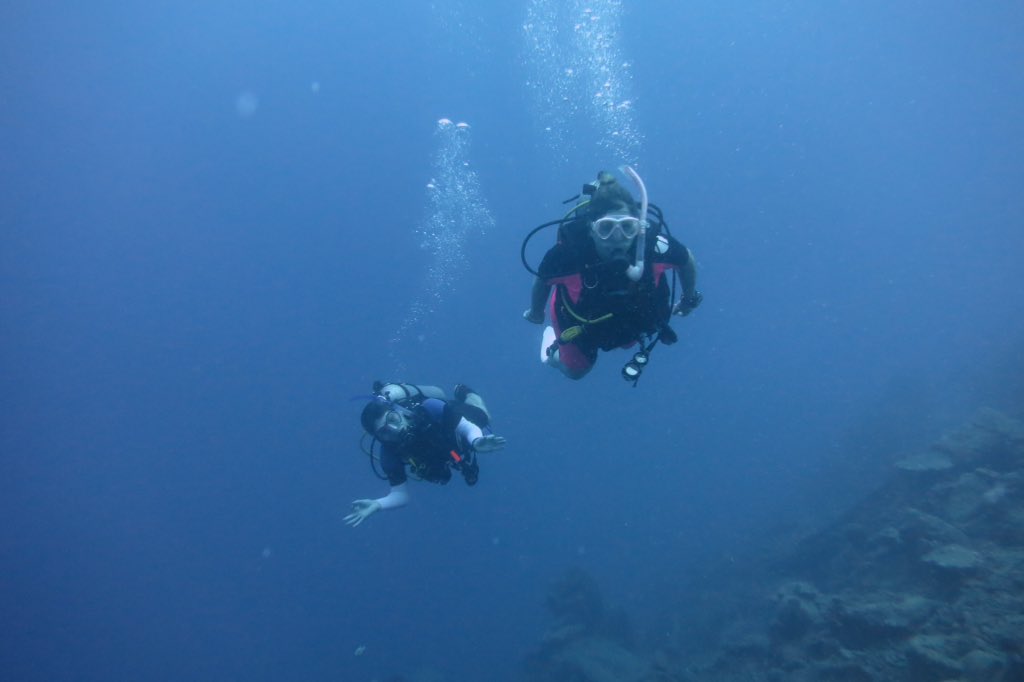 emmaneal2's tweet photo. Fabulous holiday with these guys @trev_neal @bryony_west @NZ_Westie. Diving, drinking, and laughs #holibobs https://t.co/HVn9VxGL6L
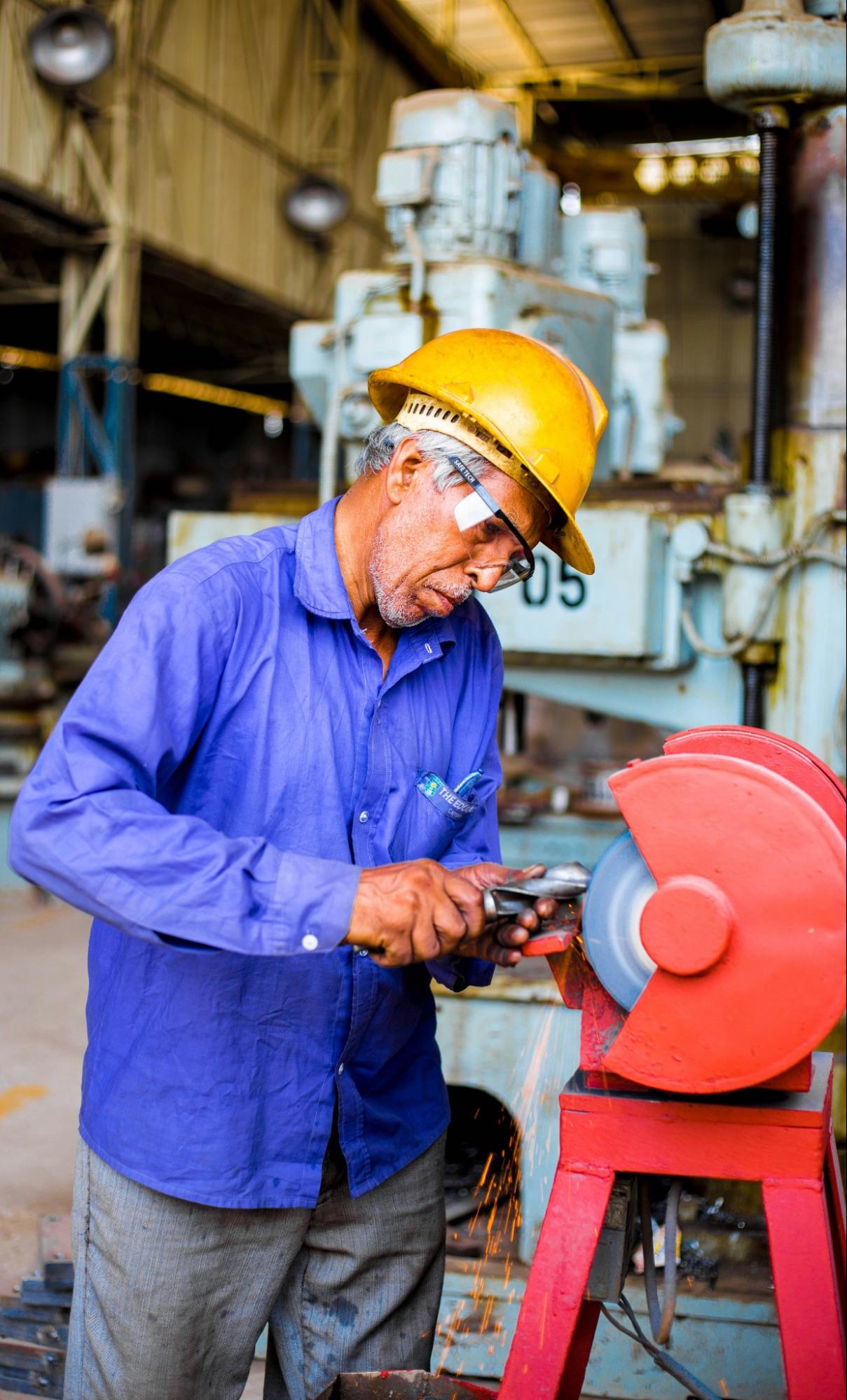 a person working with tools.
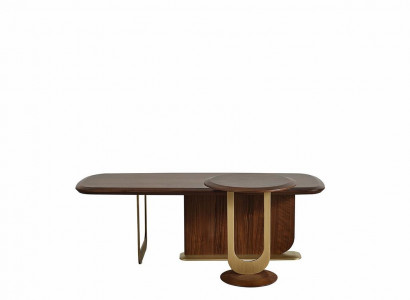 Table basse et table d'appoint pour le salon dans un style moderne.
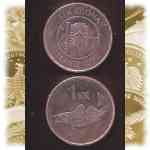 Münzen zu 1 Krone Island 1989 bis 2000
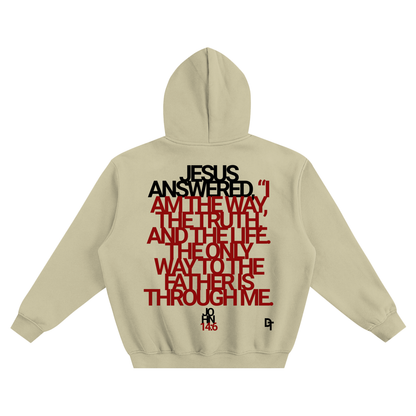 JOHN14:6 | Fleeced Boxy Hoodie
——————————
Activity
The line with "Münzen zu 1 Krone Island 1989 bis 2000" marks the start, and the last line of the material marks the end. Reproduce exactly those two lines and every line between them, without the pictures.

Task solution
 Münzen zu 1 Krone Island 1989 bis 2000
 JOHN14:6 | Fleeced Boxy Hoodie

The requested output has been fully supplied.